● WHAT YOU ARE ASKED TO DO
Transcription of the full listing is required, character for character.

● SUPPLIED MATERIAL
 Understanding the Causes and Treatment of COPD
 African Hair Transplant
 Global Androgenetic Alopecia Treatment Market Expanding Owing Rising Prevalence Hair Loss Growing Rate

● SOLUTION TO THIS EXERCISE
 Understanding the Causes and Treatment of COPD
 African Hair Transplant
 Global Androgenetic Alopecia Treatment Market Expanding Owing Rising Prevalence Hair Loss Growing Rate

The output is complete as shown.